Red, green and blue are often the primary colors of choice for scientists, as these colors are based on light (additive color). The Standard Table of the International Commission on Lighting (Commission Internationale de l’Éclairage, CIE) is an example of this type of color atlas.

The third type is based on perception, and is favored by psychologists. It uses the primary colors of red, green, blue, and yellow, which correlate with the colors sensed by the cones in the eye. We perceive red, green, and blue as pure colors. Orange, on the other hand, appears to be a mixture of yellow and red. There are no colors that combine red with green, or yellow with blue, so we perceive them as opposites; there is no such thing as reddish-green, or yellowish-blue. An example of a color system based on perception is the Swedish Natural Color System (NCS).

A color atlas is a useful tool representing the full range of colors. This is achieved by assigning a single point in a space to each color, and arranging similar colors close to each other. This space can then be mapped in a series of single maps, together making up a color atlas. Every possible color can be described by three numerical attributes: hue, saturation and brightness (HSB).

The necessity of ordering colors in space was demonstrated for the first time by the color pyramid of Johann Heinrich Lambert (1772). The color samples were prepared by mixing colored waxes in integral proportions.

Isaac Newton deepened our understanding of the true nature of light, and was the first to create a color circle. He ordered the colors as follows: red (musical note C), orange (D), yellow (E), green (F), blue (G), indigo (A), and violet (B). Although purple is not a color of the dispersion spectrum, Newton added it to complete the circle, bridging the gap between red and violet.

In 1810, Johann Wolfgang Goethe challenged Newton’s established color system, and created his own. He sought a system to govern the use of color in art. At first he intended to create a new color wheel, but found that an equilateral triangle was exactly suited to representing his discoveries. The apex triangles in this diagram are the primary colors used by printers. The secondary triangles between them are the primary colors for painters, and the tertiary colors formed are the dark neutrals. While Newton’s system was based on scientific observation of additive color mixing, Goethe’s method was more conceptual, based on the psychological effects of color. Goethe’s aim was to distill laws of color harmony that incorporated the subjectivity of our color perception, which depends on the object, the light, and how we perceive them. He studied complementary colors, the colors of shadows, and after-images. Goethe identified the origin of our understanding of complementary colors as stemming from the processes within our visual system, rather than being a property of the light that reaches our eyes. His theory opened the door for our modern understanding of color vision.

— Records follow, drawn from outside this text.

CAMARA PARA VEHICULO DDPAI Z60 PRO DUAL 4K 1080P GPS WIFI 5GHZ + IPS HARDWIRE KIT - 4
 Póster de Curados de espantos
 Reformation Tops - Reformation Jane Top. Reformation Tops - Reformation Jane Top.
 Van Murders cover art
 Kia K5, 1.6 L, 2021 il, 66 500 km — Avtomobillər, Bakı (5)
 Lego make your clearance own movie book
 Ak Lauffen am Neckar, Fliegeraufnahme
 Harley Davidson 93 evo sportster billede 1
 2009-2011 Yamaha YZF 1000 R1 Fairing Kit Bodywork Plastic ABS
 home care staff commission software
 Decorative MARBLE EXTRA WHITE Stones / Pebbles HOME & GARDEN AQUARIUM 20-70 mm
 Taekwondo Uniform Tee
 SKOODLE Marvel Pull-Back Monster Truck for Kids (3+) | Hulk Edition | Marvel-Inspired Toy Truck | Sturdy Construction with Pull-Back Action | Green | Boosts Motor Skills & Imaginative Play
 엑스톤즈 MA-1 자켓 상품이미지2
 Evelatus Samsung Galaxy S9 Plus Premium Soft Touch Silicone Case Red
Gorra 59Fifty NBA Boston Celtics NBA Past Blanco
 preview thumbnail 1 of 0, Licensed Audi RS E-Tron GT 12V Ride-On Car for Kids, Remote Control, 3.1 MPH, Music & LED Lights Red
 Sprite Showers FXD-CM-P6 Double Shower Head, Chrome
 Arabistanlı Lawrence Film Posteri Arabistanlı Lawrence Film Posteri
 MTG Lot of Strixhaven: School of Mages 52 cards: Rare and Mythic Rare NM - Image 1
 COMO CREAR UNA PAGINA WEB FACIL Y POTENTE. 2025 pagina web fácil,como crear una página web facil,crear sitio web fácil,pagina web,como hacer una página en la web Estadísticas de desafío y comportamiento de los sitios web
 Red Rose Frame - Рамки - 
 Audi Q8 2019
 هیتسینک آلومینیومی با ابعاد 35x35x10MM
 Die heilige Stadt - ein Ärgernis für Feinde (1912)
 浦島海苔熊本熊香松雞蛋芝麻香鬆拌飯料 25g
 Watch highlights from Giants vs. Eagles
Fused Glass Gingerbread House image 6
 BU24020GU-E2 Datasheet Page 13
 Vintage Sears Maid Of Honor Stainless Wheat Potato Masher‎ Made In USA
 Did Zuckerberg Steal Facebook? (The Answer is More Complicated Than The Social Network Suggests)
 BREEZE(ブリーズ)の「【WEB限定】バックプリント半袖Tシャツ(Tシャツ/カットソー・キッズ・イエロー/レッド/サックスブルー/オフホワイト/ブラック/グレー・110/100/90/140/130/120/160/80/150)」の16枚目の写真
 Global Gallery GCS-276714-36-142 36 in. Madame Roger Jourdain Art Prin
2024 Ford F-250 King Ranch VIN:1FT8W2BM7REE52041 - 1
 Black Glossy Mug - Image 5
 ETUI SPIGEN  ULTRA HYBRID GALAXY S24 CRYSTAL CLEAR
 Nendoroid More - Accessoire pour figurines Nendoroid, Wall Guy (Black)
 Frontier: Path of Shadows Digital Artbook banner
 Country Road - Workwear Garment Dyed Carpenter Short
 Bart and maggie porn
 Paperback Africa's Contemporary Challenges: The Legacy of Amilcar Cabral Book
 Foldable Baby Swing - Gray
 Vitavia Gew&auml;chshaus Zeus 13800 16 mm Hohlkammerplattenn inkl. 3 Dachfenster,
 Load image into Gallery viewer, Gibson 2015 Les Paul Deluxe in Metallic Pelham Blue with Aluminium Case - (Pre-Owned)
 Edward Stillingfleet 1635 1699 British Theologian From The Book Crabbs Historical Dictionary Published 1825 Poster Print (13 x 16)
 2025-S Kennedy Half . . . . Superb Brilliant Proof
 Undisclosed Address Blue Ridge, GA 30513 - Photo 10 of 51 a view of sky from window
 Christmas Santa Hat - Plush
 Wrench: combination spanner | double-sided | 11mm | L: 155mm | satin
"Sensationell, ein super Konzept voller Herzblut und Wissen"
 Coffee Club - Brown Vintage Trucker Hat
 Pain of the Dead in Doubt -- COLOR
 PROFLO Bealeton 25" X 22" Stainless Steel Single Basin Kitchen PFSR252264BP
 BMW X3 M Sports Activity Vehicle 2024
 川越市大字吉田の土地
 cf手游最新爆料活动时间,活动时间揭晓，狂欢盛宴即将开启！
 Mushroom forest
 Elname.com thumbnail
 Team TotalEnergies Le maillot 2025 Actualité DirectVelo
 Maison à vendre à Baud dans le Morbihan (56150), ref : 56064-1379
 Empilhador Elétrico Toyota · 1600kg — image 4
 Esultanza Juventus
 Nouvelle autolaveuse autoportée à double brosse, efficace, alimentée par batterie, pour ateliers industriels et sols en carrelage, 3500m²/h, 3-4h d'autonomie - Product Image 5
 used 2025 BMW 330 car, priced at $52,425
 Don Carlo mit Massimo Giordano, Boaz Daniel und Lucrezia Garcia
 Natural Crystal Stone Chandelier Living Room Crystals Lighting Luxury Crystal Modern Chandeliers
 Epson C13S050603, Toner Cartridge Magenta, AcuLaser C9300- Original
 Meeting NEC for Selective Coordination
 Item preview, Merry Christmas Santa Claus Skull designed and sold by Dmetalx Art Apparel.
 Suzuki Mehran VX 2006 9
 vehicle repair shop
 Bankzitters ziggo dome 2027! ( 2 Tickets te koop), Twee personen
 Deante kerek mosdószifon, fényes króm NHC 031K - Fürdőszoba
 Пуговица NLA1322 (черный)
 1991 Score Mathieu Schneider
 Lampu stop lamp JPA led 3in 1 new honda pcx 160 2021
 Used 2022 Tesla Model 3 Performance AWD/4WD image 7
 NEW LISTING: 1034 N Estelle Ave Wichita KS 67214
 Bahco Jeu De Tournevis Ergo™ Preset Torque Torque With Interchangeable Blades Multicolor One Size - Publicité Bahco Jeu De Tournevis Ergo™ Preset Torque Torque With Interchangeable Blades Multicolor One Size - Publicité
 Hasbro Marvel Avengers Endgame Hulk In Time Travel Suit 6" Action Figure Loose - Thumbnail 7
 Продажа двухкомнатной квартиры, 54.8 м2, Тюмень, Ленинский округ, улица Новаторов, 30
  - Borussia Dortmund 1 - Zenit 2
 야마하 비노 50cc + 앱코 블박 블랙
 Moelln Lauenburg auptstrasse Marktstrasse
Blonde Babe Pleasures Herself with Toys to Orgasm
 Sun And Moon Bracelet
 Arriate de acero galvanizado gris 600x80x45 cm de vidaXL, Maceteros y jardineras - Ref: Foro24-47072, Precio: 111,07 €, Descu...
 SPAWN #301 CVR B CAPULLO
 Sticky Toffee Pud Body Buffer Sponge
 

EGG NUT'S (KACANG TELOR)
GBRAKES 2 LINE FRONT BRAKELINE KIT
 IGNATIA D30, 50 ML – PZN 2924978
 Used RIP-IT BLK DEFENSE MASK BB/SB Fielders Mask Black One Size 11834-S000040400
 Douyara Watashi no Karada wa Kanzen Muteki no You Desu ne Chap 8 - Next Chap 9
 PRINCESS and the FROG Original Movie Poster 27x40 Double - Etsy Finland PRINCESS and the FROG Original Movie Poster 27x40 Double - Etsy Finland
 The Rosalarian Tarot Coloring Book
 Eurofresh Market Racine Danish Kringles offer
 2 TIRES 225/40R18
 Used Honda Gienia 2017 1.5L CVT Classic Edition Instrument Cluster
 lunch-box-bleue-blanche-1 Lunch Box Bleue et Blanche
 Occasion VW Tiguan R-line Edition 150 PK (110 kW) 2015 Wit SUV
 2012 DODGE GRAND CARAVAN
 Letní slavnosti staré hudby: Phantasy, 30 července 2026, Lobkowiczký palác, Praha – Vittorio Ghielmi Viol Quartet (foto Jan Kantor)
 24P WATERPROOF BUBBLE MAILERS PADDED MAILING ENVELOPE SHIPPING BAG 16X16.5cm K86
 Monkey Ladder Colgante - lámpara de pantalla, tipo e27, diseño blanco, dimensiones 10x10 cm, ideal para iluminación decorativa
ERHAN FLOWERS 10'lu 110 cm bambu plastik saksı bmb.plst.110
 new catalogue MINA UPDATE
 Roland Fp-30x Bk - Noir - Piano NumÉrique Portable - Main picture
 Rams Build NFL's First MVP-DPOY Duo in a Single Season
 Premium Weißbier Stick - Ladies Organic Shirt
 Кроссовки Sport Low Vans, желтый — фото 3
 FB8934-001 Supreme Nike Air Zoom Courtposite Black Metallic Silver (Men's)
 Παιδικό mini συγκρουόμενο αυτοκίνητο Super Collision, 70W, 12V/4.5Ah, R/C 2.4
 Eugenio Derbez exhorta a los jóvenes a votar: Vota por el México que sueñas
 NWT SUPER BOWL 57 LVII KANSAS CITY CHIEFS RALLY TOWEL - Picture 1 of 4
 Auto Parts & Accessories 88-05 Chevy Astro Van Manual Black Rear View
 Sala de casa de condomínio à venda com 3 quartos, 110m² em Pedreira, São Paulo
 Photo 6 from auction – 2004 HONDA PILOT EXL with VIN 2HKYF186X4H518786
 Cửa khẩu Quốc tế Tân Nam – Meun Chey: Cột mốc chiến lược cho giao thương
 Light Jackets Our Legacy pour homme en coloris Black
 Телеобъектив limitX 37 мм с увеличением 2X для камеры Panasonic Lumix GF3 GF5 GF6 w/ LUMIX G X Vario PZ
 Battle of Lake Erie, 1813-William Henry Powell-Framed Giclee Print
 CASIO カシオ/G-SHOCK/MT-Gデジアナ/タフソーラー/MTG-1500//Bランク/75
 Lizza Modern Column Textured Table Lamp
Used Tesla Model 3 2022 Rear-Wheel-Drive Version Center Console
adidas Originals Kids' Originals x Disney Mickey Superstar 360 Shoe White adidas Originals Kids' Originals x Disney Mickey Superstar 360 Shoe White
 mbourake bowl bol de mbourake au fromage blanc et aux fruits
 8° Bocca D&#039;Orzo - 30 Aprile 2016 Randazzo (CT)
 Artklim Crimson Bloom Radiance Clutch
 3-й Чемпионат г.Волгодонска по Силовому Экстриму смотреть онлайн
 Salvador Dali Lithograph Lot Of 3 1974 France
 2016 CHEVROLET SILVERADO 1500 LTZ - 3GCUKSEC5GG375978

Color Sphere according to Philipp Otto Runge (1810). Being a painter, the mixing of yellow and blue pigments to obtain green was so familiar to Runge that he refused to recognize green as a pure color. His sphere represents the mixing of pigments. Runge designed the first color solid, a three-dimensional spherical color model ordering all the tints, shades, and hues of colors. Working at the same time as Goethe, he produced a revolutionary theory, arranging the pure hues along the equator. The hues lighten towards a white pole, running longitudinally, and darken towards the black pole. The top views show the poles, and the lower views are cross-sections through the sphere.

Color wheel according to Michel-Eugène Chevreul (1839). Adjacent colors should all show the same degree of difference to each other. He is regarded as being amongst the greatest of colorists.

Rotating top with clipped-on colored discs. This was the first color system based on scientific principles, authored by James Clerk Maxwell around 1850.

James Clerk Maxwell (1831-1879) produced an equilateral triangle chart. While based on his scientific findings leading to the electromagnetic theory of light, his choice of form is very closely aligned to that of Goethe. They both mix the primaries in the outer triangles to produce the inner colors. However, Maxwell chose red, green, and blue as primaries, and believed he could produce all the known colors from these.

This color circle using triangular color points was devised by Charles Blanc in 1873.

Detail from the color system in The Munsell Book of Color (1929). The color space defined by Albert H. Munsell (1858-1918), a distinguished artist and art teacher, uses three coordinates: brightness increasing from top to bottom, hue, and saturation. The latter correspond to the polar coordinates (angle and radius) in the horizontal plane. Munsell’s resulting color space was irregular and asymmetric. His system served as a foundation for other color order systems. The right image shows a 3D representation of the Munsell model.

Detail from The Standard Color Table DIN 6164 (DIN = German Industrial Norm).

Sample page from the color atlas of Wilhelm Ostwald (1916). Black is increasing from top to bottom while hue is increasing from left to right. This is the predecessor of the DIN Color Table.

Color wheel according to Ewald Hering (1920). The four primary colors (red, green, blue, and yellow) are positioned according to their polarity as poles of two perpendicular axes. Intermediate colors are formed by additive mixing from the primary colors. The modern Swedish Natural Color System (NCS) is based on this color wheel.

The CIE (Commission Internationale de l'Eclairage) attempted to define an international standard of color measurement in 1931. They created the CIE chromaticity chart, based on Maxwell’s triangle, with primary colors of red, green, and blue. These were used to generate the full range of colors. This chart in its modern format is currently used to measure and quantify the colors produced on computer screens. Pure spectral colors lie on the curved edge, and the area enclosed by the curved line and dashed line includes all visible colors.

A "natural" color system based on the colorful hues of maples leaves.